=== Records for this task ===
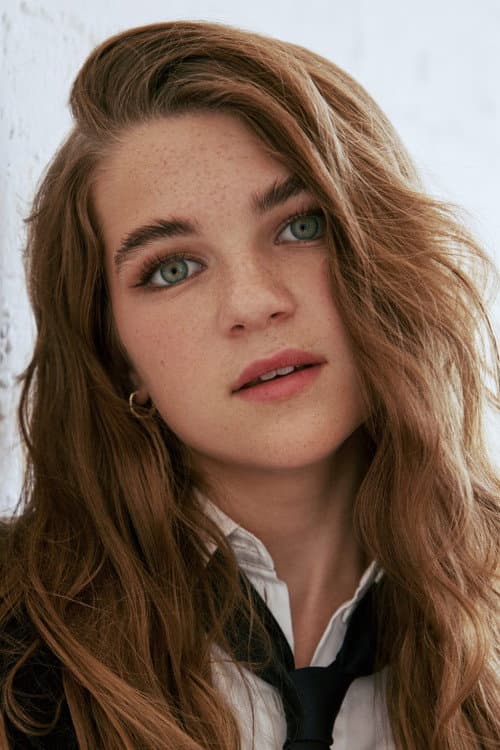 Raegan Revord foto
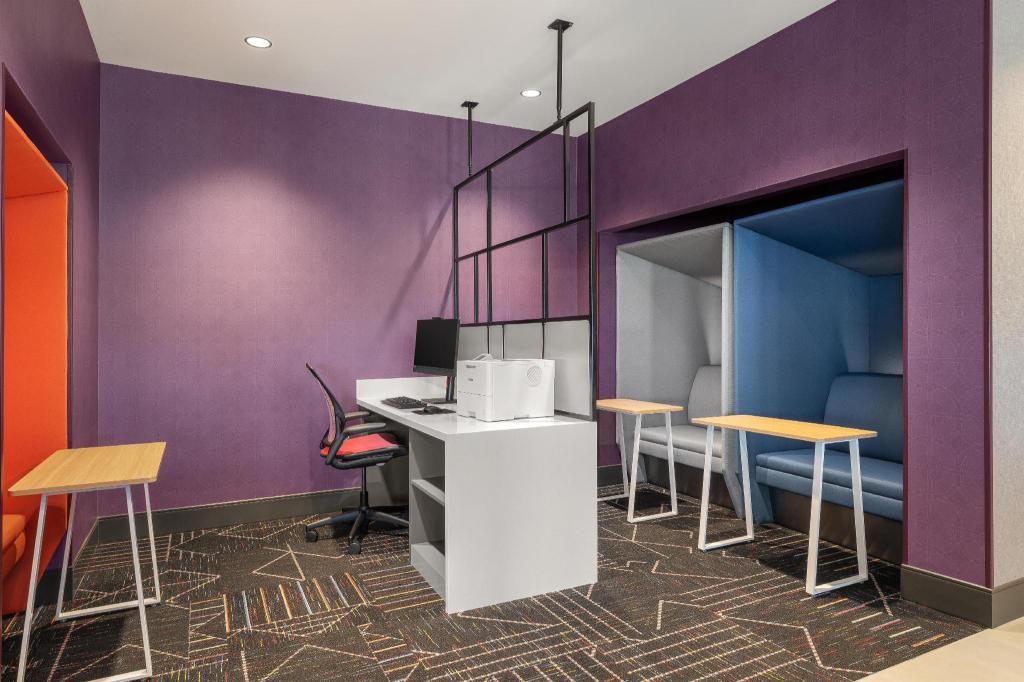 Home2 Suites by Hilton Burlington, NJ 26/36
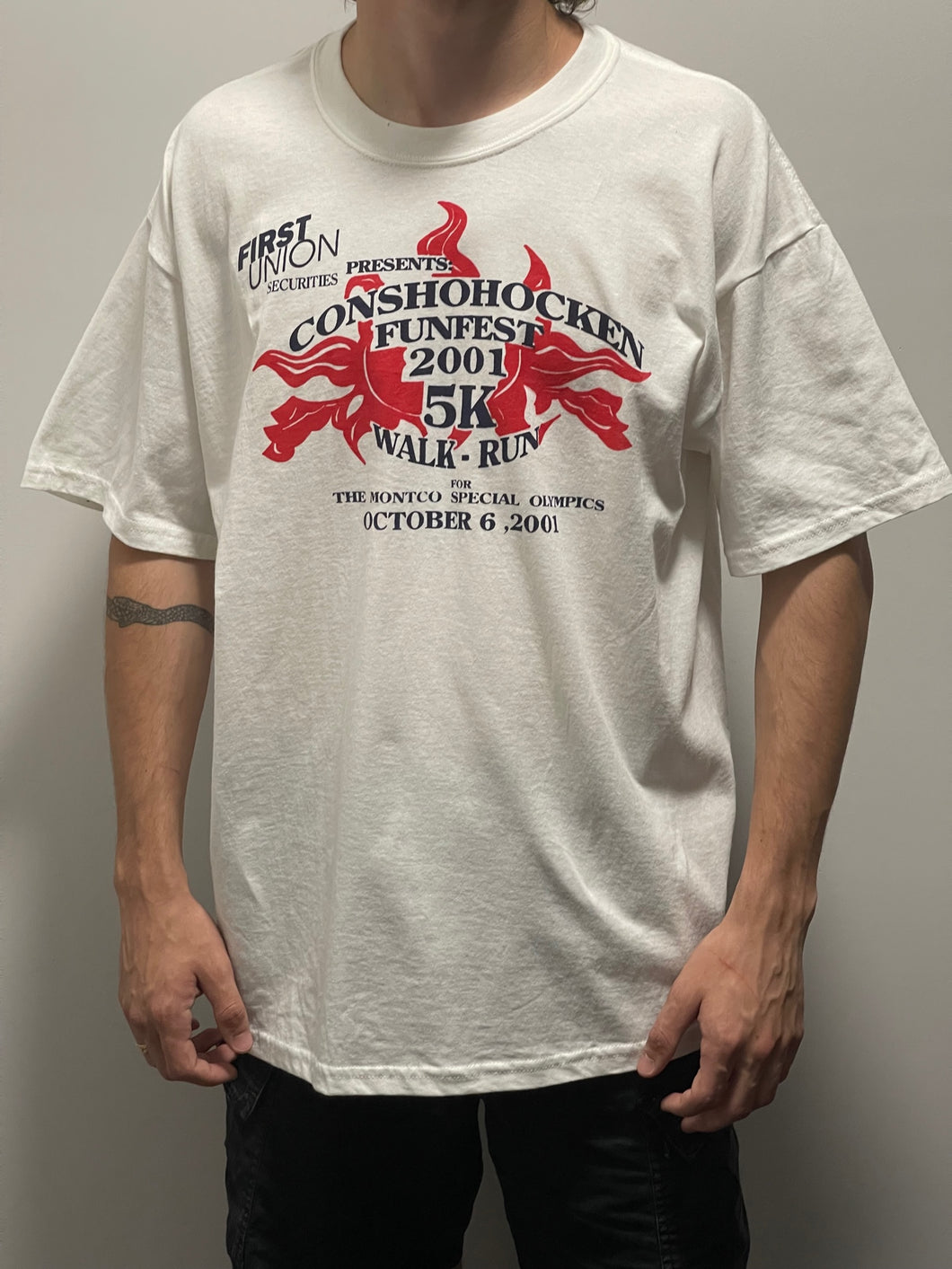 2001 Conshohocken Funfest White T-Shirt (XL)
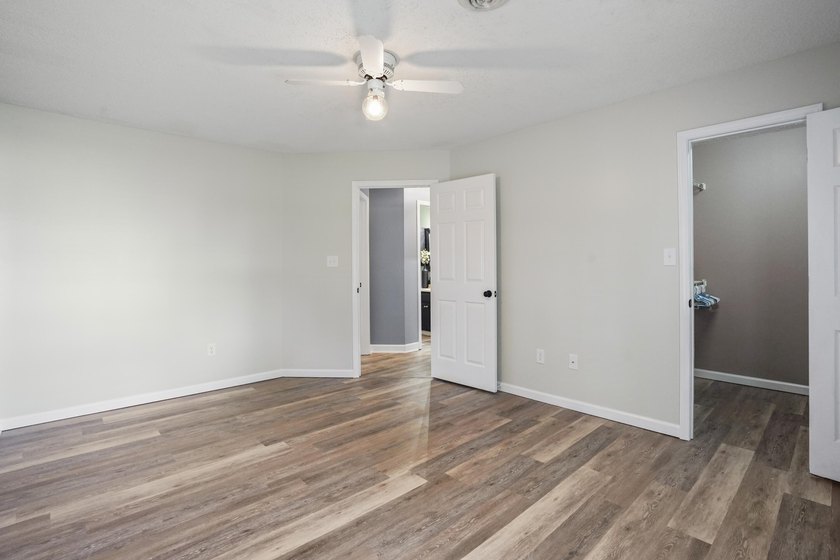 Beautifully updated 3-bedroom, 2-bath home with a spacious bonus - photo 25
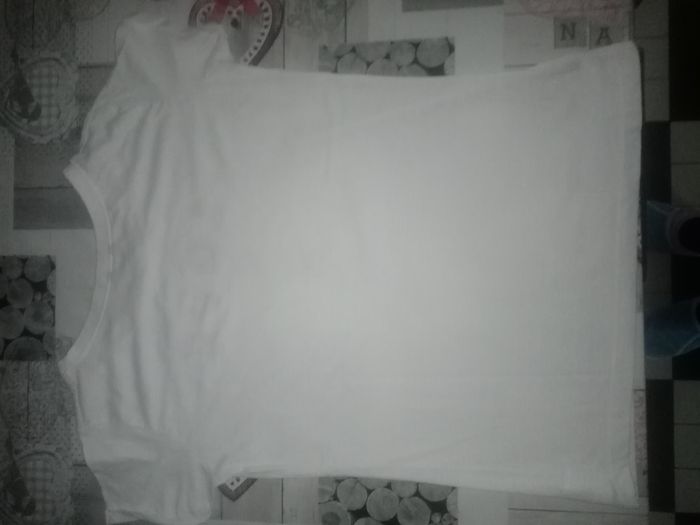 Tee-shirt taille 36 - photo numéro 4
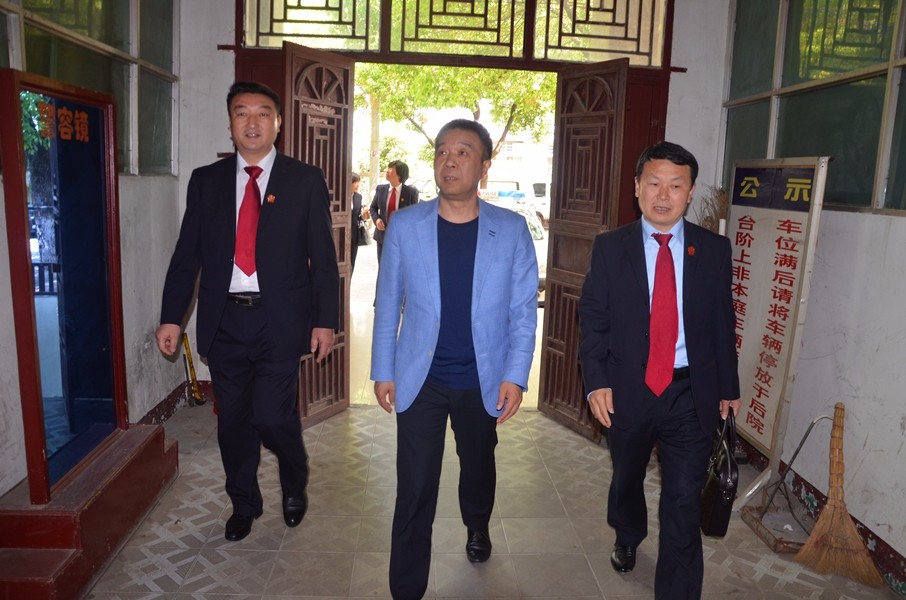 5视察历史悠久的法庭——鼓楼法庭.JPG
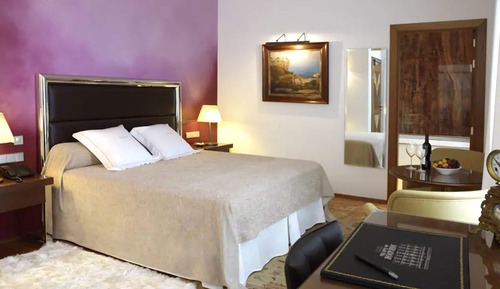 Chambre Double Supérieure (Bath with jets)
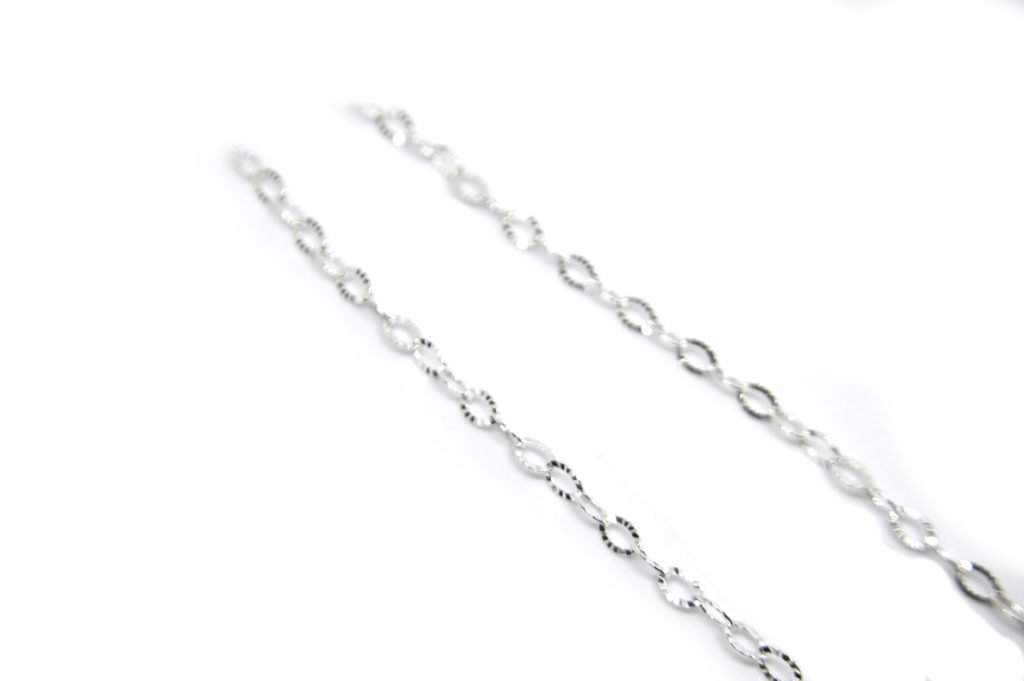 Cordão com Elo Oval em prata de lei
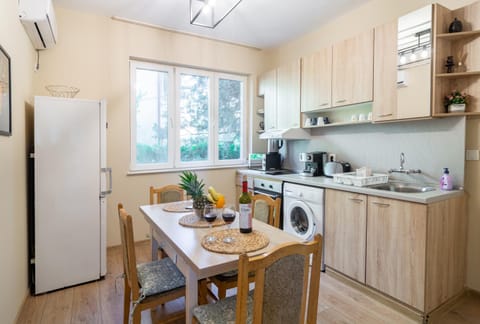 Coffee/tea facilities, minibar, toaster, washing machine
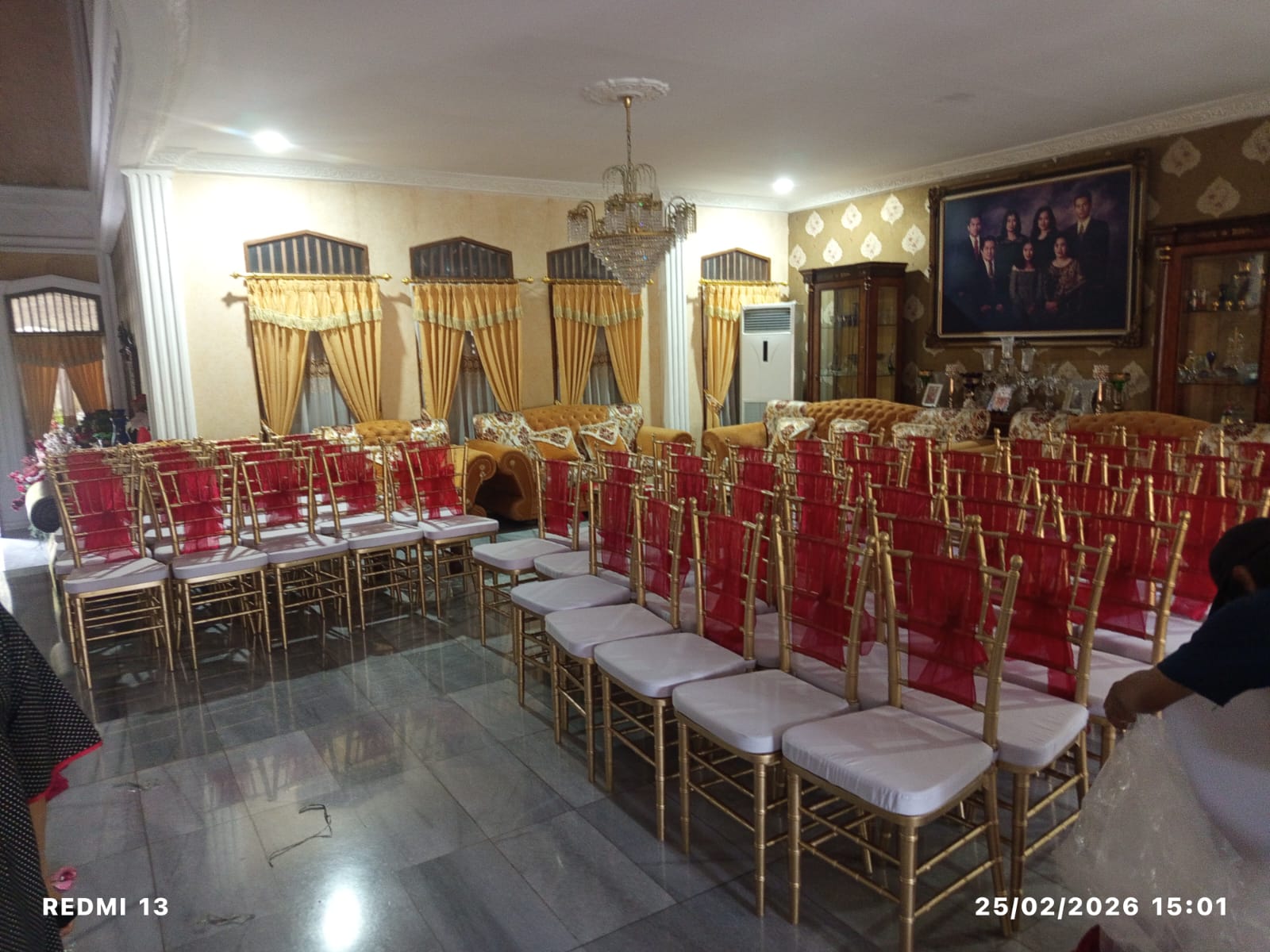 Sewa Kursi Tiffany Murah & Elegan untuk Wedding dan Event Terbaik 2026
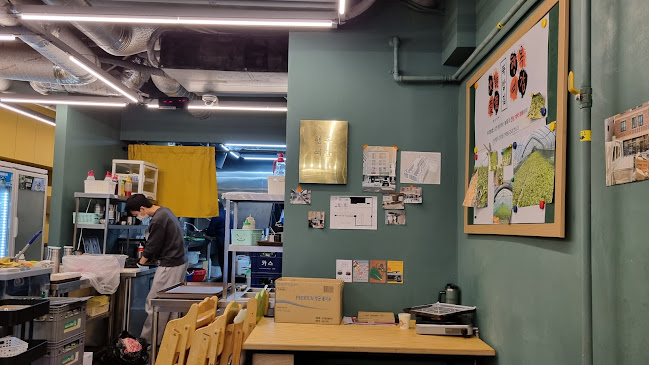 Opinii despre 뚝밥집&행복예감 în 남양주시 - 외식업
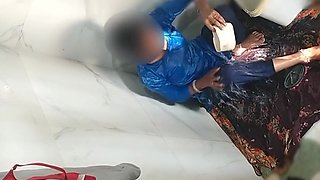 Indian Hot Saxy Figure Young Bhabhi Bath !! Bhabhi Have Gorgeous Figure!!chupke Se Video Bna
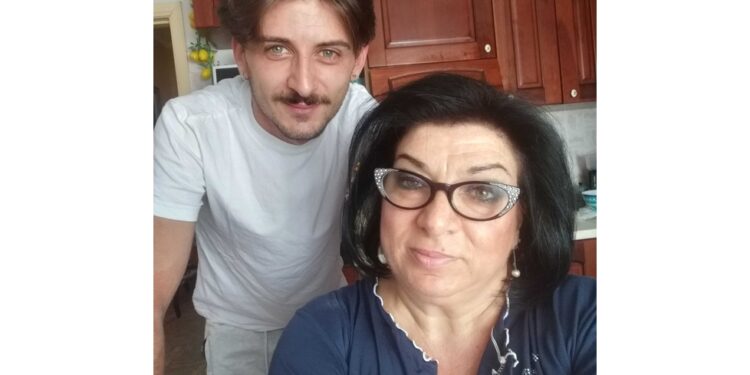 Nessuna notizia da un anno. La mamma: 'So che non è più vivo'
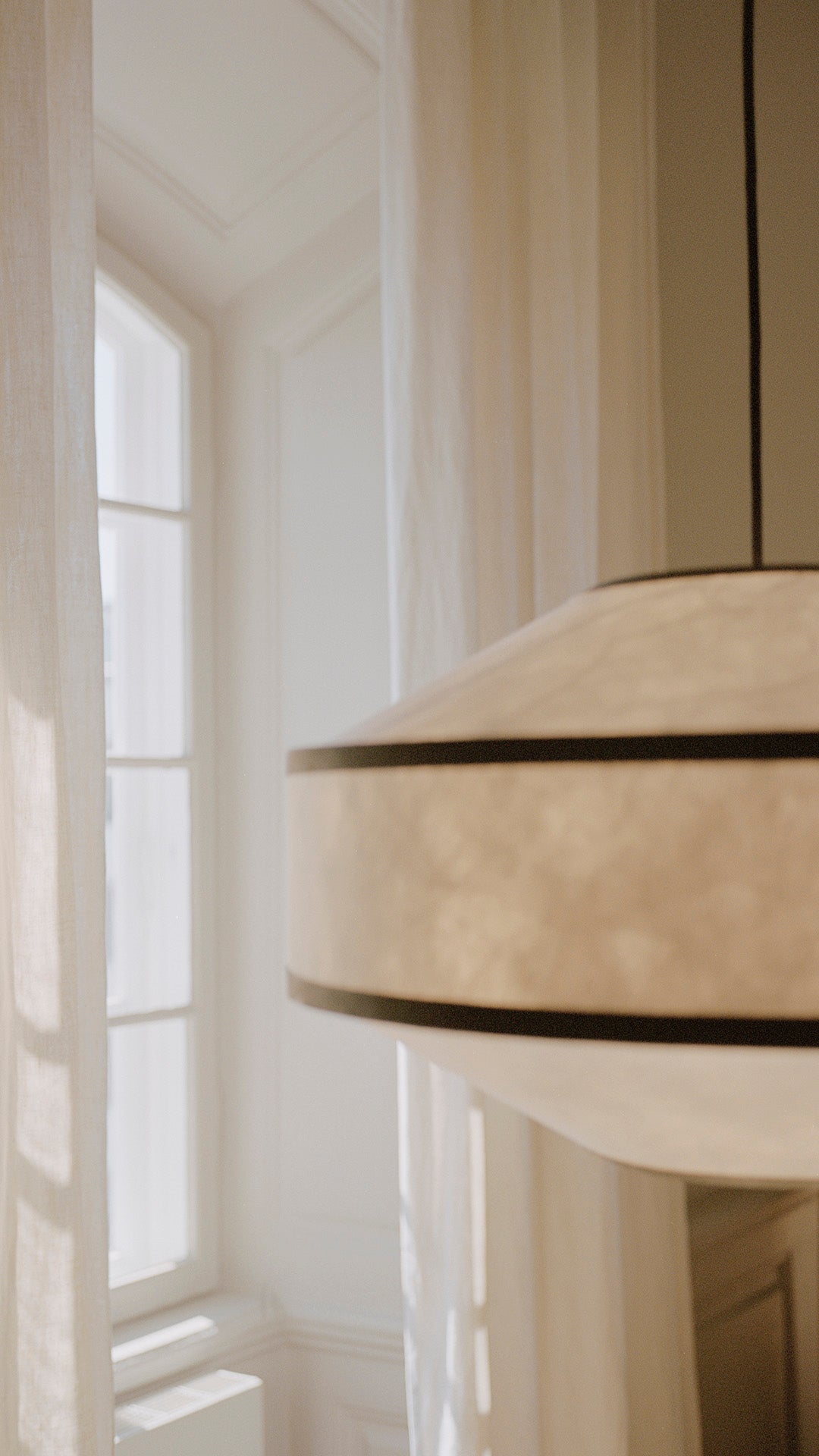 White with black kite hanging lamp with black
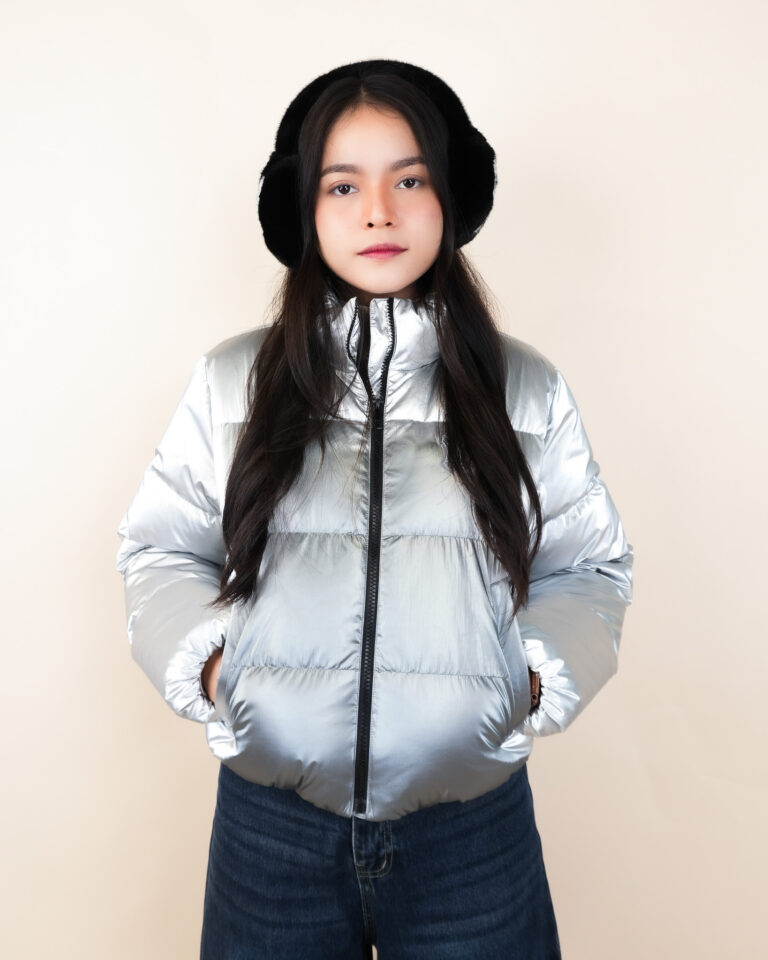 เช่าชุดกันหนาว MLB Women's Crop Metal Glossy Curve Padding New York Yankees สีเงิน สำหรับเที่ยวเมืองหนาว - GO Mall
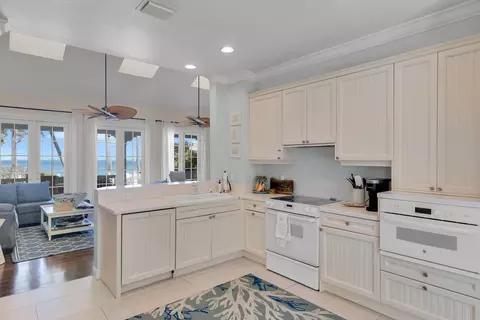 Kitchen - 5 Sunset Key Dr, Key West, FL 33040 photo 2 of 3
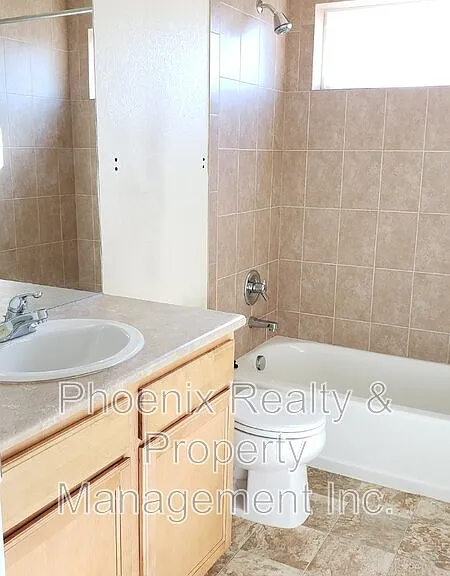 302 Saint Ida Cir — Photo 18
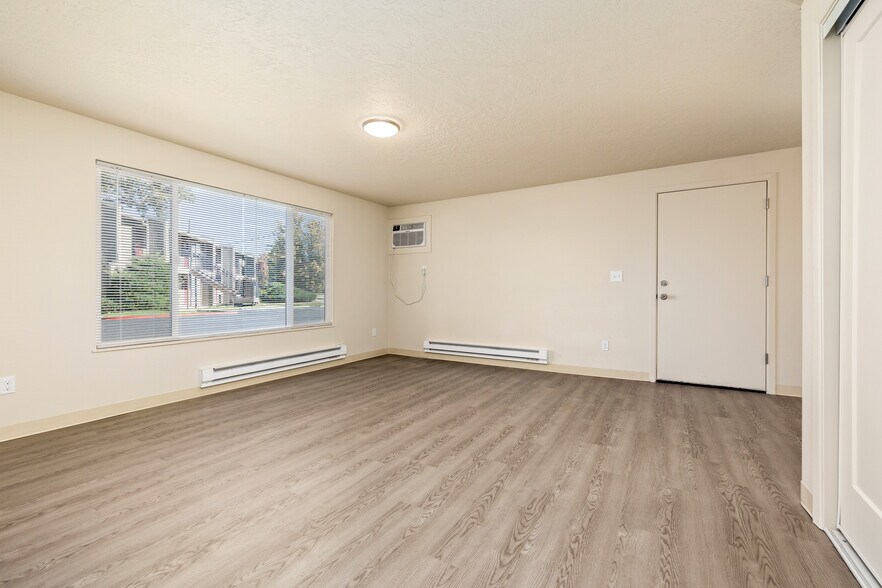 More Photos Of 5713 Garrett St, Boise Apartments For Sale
===
Using the entries above, write out exactly the lines from the one with "Cordão com Elo Oval em prata de lei" through the one with "Opinii despre 뚝밥집&행복예감 în 남양주시 - 외식업", ends included. Leave out any pictures.

● **Written response**
 Cordão com Elo Oval em prata de lei
 Coffee/tea facilities, minibar, toaster, washing machine
 Sewa Kursi Tiffany Murah & Elegan untuk Wedding dan Event Terbaik 2026
 Opinii despre 뚝밥집&행복예감 în 남양주시 - 외식업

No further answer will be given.